Dezenfektanlara olan aşırı talep nedeniyle farklı ürünler tedarik ettiklerini ve aşırı doz dezenfektan kullanımının cilde zararlı olduğunu vurgulayan Eczacı Murat Güldağ ise, “Biz ne olduğu belirsiz malları satar olduk, eczacılar olarak bundan çok şikayetçiyiz ve bunlar da toplumda çok büyük hasarlara sebebiyet verecek zaman içinde. Vazelin çok faydalı, bunları biz eczanede kendimiz de yapabiliyoruz ve yapmak istiyoruz ama etken madde sıkıntımız var. Örneğin alkol bulamıyoruz. Alkolün içine katacağımız birtakım ürünler var. insanları bununla ilgili bilinçlendirebiliriz. Ürün yok, şu anda müthiş bir başı boşluk var. Vazelini tabii kullanırsınız ama bir taraftan vazelin tüm cildi örteceği için, dezenfektan olarak sıktığınız ürünler nedeniyle kalmayacak, onlar vazelini çözecek. Bunu halka anlatmamız lazım ama eczanelerde şu anda bunu anlatacak ne personel var, ne de vakit var” dedi.

"Nemlendirici de işe yaramıyor"

Vatandaş Hatice Yılmaz, ”Ellerim sürekli yıkamaktan ve dezenfektan kullanmaktan yıpranıyor. Nemlendirici sürüyoruz ama o da işe yaramıyor.

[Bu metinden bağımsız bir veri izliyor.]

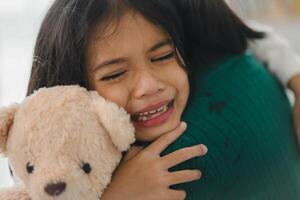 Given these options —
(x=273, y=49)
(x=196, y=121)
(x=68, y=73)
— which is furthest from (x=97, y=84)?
(x=273, y=49)

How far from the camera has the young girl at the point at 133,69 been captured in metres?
0.66

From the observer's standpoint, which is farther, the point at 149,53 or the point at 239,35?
the point at 239,35

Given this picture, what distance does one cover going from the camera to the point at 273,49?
920 millimetres

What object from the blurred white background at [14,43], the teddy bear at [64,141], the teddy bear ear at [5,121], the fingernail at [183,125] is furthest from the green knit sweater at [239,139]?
the blurred white background at [14,43]

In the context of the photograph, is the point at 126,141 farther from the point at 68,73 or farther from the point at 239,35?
the point at 239,35

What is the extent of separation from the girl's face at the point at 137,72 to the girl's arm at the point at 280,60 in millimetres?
264

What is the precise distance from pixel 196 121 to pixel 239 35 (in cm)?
27

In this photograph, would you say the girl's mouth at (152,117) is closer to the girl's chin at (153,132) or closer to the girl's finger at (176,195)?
the girl's chin at (153,132)

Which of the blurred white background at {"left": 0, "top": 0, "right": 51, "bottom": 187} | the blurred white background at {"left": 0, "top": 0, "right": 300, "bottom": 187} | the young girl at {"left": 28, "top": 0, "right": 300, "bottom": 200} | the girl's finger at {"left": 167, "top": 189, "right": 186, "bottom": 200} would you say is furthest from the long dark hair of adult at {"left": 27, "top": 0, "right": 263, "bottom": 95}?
the blurred white background at {"left": 0, "top": 0, "right": 51, "bottom": 187}

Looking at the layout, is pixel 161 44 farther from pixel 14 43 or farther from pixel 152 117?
pixel 14 43

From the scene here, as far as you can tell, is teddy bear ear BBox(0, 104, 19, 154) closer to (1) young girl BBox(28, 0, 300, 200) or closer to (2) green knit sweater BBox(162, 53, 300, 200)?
(1) young girl BBox(28, 0, 300, 200)

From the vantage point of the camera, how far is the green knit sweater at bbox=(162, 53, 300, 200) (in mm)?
675

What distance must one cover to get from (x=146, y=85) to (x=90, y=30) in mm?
120

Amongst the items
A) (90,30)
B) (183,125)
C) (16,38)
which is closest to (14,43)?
(16,38) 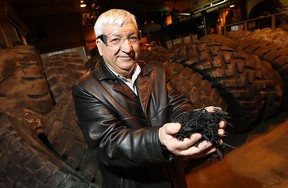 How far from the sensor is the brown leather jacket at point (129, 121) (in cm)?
79

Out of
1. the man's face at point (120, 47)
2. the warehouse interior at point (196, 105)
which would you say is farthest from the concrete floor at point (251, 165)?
the man's face at point (120, 47)

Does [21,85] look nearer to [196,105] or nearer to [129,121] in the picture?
[129,121]

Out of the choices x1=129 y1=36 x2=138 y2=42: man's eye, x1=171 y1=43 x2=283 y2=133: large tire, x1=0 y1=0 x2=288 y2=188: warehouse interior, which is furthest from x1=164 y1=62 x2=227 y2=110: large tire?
x1=129 y1=36 x2=138 y2=42: man's eye

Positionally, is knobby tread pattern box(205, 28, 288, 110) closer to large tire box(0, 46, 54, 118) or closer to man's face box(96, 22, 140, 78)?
man's face box(96, 22, 140, 78)

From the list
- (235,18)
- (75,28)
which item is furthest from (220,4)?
(75,28)

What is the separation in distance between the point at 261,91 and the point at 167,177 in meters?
1.55

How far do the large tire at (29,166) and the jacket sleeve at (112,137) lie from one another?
23.2 inches

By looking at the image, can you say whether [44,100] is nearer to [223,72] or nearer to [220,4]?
[223,72]

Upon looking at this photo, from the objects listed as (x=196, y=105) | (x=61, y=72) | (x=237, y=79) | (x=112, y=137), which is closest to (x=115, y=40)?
(x=112, y=137)

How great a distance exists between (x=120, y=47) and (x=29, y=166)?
3.67 feet

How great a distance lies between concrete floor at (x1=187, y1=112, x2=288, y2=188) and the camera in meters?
1.71

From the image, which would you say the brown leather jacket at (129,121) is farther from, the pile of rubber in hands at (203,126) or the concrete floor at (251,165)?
the concrete floor at (251,165)

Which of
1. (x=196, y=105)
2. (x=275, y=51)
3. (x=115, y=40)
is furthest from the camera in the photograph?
(x=275, y=51)

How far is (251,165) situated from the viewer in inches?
74.7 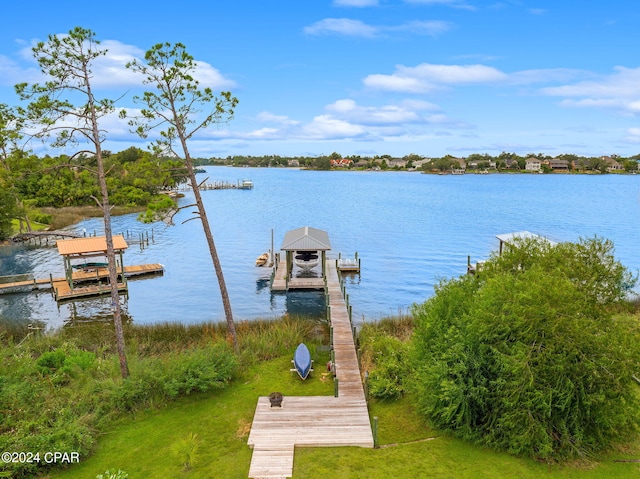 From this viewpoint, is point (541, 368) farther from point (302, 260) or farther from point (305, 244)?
point (302, 260)

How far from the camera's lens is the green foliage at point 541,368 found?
36.8 ft

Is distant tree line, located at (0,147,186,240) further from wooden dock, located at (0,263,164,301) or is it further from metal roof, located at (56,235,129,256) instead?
wooden dock, located at (0,263,164,301)

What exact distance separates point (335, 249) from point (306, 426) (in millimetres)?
36808

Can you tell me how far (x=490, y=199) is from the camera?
10656cm

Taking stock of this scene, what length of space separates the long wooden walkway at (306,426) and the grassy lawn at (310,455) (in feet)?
0.98

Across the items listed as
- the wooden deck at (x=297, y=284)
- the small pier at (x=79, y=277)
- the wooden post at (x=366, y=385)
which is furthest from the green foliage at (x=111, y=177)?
the small pier at (x=79, y=277)

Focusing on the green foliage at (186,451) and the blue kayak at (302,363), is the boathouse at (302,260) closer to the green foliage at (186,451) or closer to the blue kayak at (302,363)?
the blue kayak at (302,363)

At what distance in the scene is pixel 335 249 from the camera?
Answer: 49.7 meters

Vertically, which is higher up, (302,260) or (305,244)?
(305,244)

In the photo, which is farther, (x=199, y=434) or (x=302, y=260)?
(x=302, y=260)

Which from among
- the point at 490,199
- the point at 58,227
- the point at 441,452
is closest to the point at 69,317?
the point at 441,452

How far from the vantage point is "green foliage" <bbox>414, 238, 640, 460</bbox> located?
11.2m

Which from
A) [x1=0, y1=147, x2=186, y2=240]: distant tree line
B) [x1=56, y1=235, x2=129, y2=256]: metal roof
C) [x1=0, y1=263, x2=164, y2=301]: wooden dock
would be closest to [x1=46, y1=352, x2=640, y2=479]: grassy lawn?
[x1=0, y1=147, x2=186, y2=240]: distant tree line

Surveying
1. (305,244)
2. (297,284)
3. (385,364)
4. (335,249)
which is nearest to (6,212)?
(335,249) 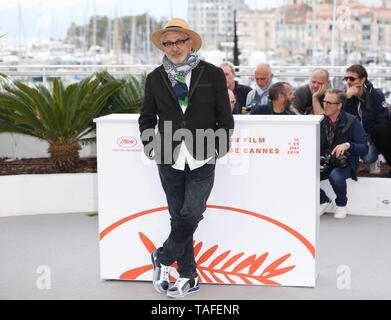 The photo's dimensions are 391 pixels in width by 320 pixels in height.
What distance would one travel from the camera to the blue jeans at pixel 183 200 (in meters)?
4.46

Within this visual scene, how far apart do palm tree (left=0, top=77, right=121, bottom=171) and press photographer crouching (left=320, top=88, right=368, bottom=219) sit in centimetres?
251

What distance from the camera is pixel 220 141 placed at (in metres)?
4.46

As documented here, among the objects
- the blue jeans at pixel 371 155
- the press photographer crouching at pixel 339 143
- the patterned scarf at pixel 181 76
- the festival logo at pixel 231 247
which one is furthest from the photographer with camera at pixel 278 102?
the patterned scarf at pixel 181 76

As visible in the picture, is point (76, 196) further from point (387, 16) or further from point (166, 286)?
point (387, 16)

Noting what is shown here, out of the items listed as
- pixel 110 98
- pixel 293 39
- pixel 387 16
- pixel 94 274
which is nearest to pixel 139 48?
pixel 293 39

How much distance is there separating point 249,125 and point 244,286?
111 cm

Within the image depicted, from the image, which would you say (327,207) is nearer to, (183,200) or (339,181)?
(339,181)

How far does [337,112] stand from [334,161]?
473 mm

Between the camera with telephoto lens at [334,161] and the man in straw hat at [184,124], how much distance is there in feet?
7.89

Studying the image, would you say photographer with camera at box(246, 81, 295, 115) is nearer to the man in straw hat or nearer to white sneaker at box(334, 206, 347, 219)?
white sneaker at box(334, 206, 347, 219)

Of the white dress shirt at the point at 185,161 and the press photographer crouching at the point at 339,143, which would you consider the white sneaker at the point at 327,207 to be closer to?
the press photographer crouching at the point at 339,143

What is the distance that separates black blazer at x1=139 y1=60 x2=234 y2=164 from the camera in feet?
14.5

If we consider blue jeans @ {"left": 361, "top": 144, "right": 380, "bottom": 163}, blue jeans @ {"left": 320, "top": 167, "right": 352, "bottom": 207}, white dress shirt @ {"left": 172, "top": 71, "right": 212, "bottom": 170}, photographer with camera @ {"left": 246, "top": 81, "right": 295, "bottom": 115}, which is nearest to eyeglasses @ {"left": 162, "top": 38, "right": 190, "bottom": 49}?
white dress shirt @ {"left": 172, "top": 71, "right": 212, "bottom": 170}

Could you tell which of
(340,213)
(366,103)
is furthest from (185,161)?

Eczaneye sordum, çok fazla dezenfektan kullanmamam gerektiğini ve nemlendirici kullanmam gerektiğini söyledi” şeklinde konuştu.

Vatandaş Ayla Karaca da, “Ben olabildiğince az dışarıya çıkıyorum, ellerimi yıkıyorum ve dışarı çıkmayacaksam kolonya sürmüyorum. Ellerimi nemlendirmek için klasik bir nemlendirici kullanıyorum. Özel bir ismi yok” dedi.